AVAILABLE RECORDS:
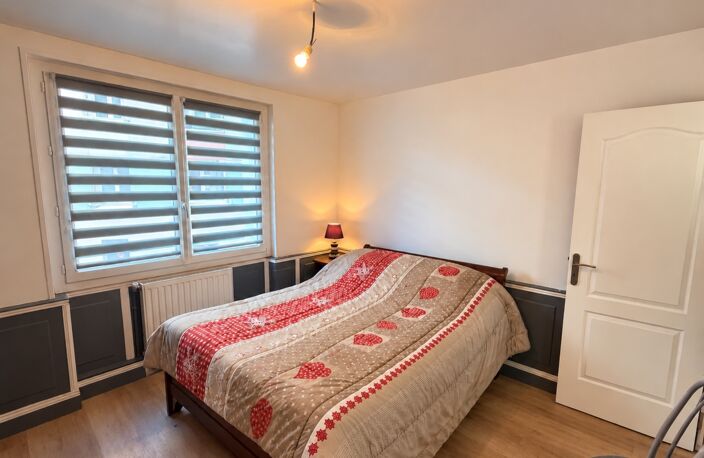 Appartement T3 lumineux – Idéal investissement – Brest secteur Recouvrance — photo 4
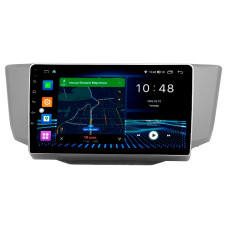 Штатна магнітола Abyss Audio MS-0370 для Toyota Harrier 2003-2012
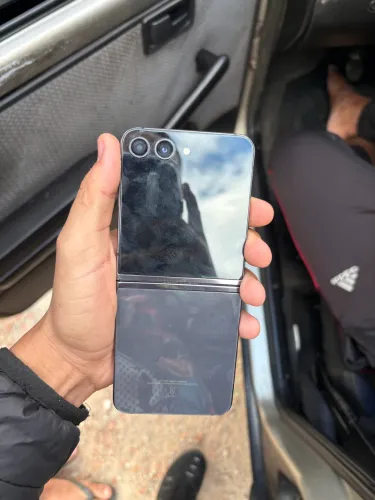 Vendo zflip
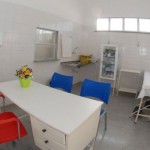 Médio Sertão sergipano receberá duas clínicas de saúde neste sábado - Fotos: Wellington Barreto/SES
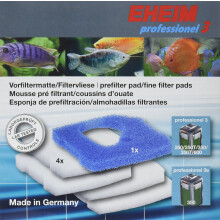 Eheim AEH2616710 Prefilter Fine Pad Pro 3 for Aquarium   1.00 x 1.00 x 1.00 inches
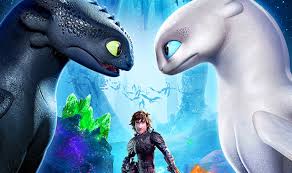 It was premiered on march 20, 2008 in russia and new zealand, on march 26. How To Train Your Dragon 3 Release Date And Trailer Den Of Geek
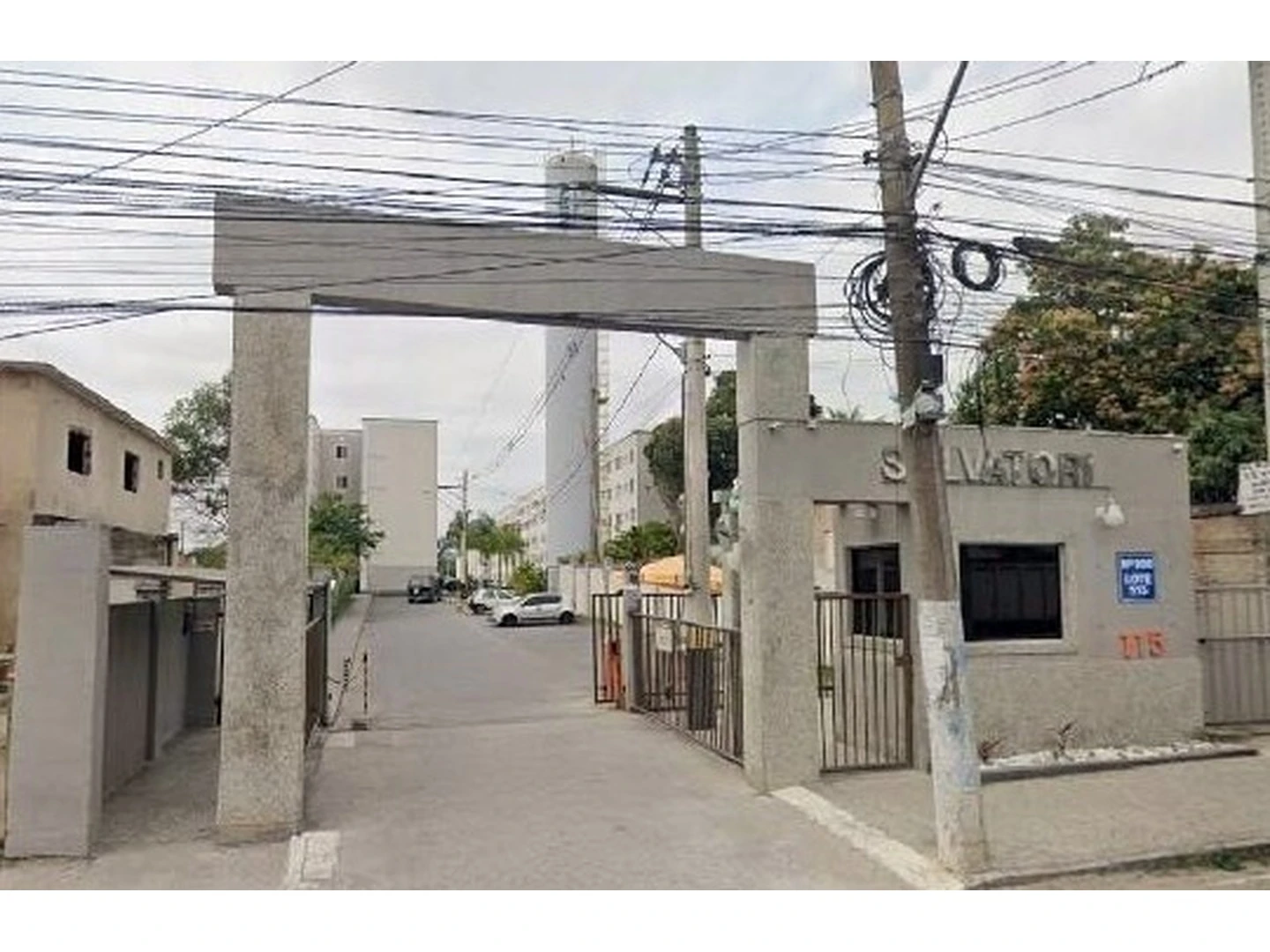 Apartamento - Sao Goncalo, RJ - foto 1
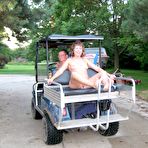 Third pic of Outdoor girls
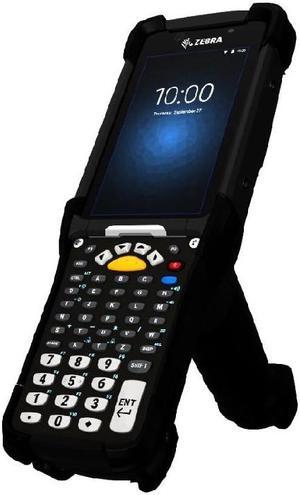 Zebra MC930P-GFEDG4NA MC9300 4.3-Inch 2D Imager Handheld Mobile Computer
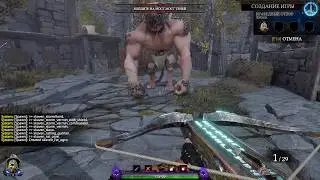 Подробный гайд + 4 сборки на Бардина (класс егерь) v.2.0 Warhammer Vermintide 2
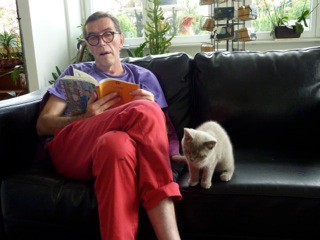 La lecture, bof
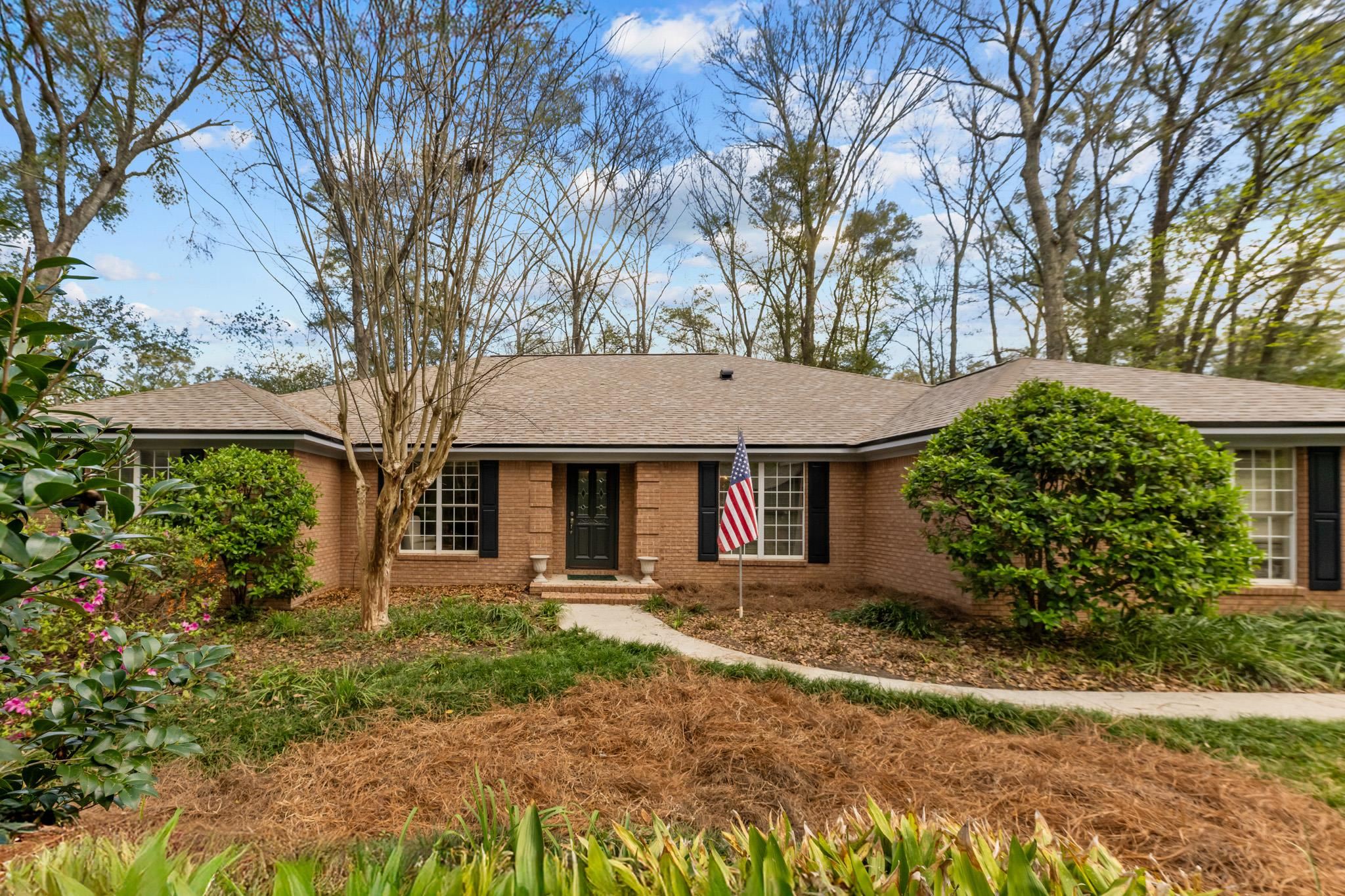 1855  EASTON FOREST Drive , Tallahassee, FL, 32317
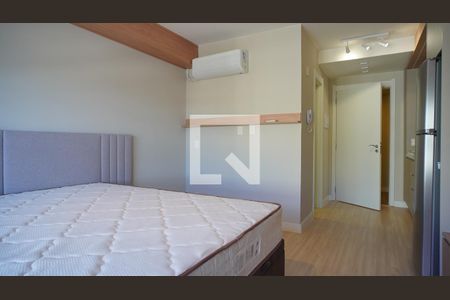 Studio de kitnet/studio à venda com 1 quarto, 26m² em Passo D’areia, Porto Alegre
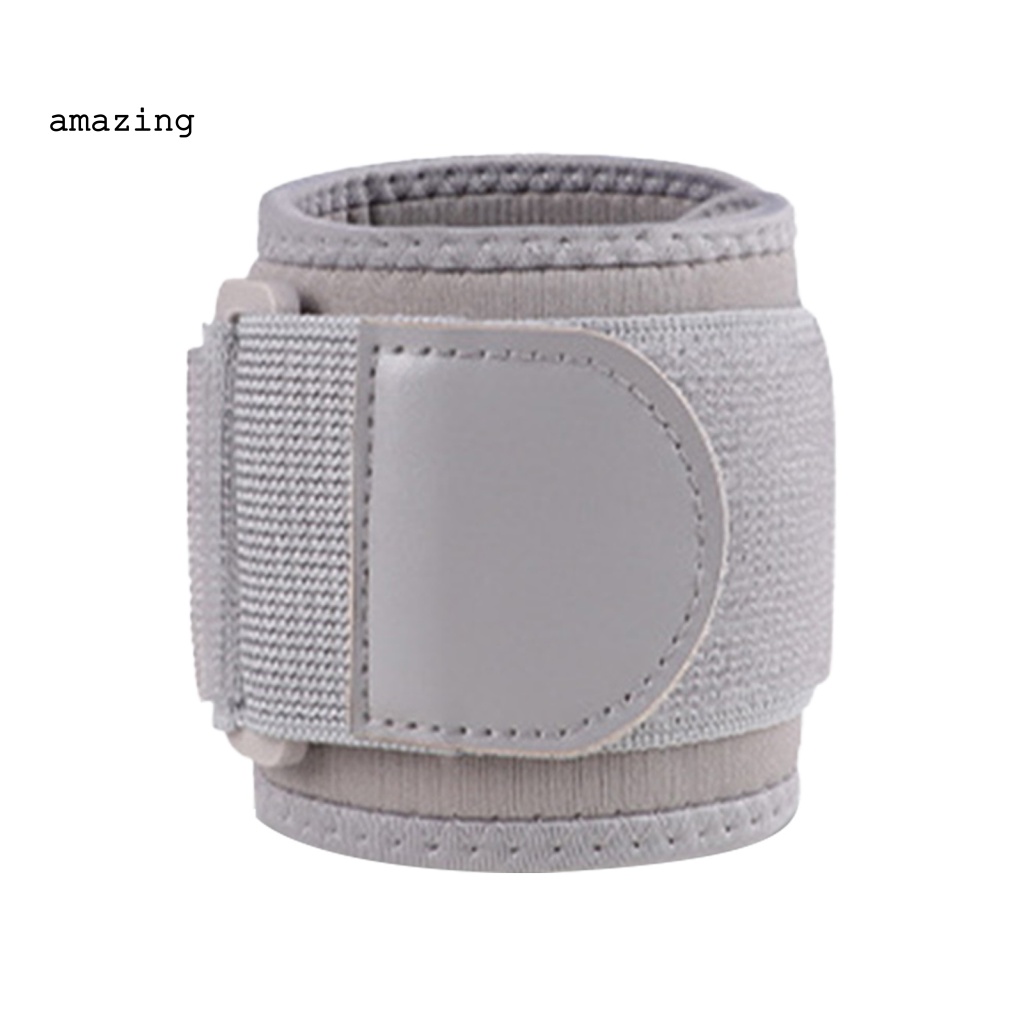 1 Băng Quấn Bảo Vệ Cổ Tay Thể Thao Có Thể Tái Sử Dụng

WHAT IS BEING ASKED: Take every record and copy it word for word, dropping the pictures.

RESULT OF THE TASK:
 Appartement T3 lumineux – Idéal investissement – Brest secteur Recouvrance — photo 4
 Штатна магнітола Abyss Audio MS-0370 для Toyota Harrier 2003-2012
 Vendo zflip
 Médio Sertão sergipano receberá duas clínicas de saúde neste sábado - Fotos: Wellington Barreto/SES
 Eheim AEH2616710 Prefilter Fine Pad Pro 3 for Aquarium   1.00 x 1.00 x 1.00 inches
 It was premiered on march 20, 2008 in russia and new zealand, on march 26. How To Train Your Dragon 3 Release Date And Trailer Den Of Geek
 Apartamento - Sao Goncalo, RJ - foto 1
 Third pic of Outdoor girls
 Zebra MC930P-GFEDG4NA MC9300 4.3-Inch 2D Imager Handheld Mobile Computer
 Подробный гайд + 4 сборки на Бардина (класс егерь) v.2.0 Warhammer Vermintide 2
 La lecture, bof
 1855  EASTON FOREST Drive , Tallahassee, FL, 32317
 Studio de kitnet/studio à venda com 1 quarto, 26m² em Passo D’areia, Porto Alegre
 1 Băng Quấn Bảo Vệ Cổ Tay Thể Thao Có Thể Tái Sử Dụng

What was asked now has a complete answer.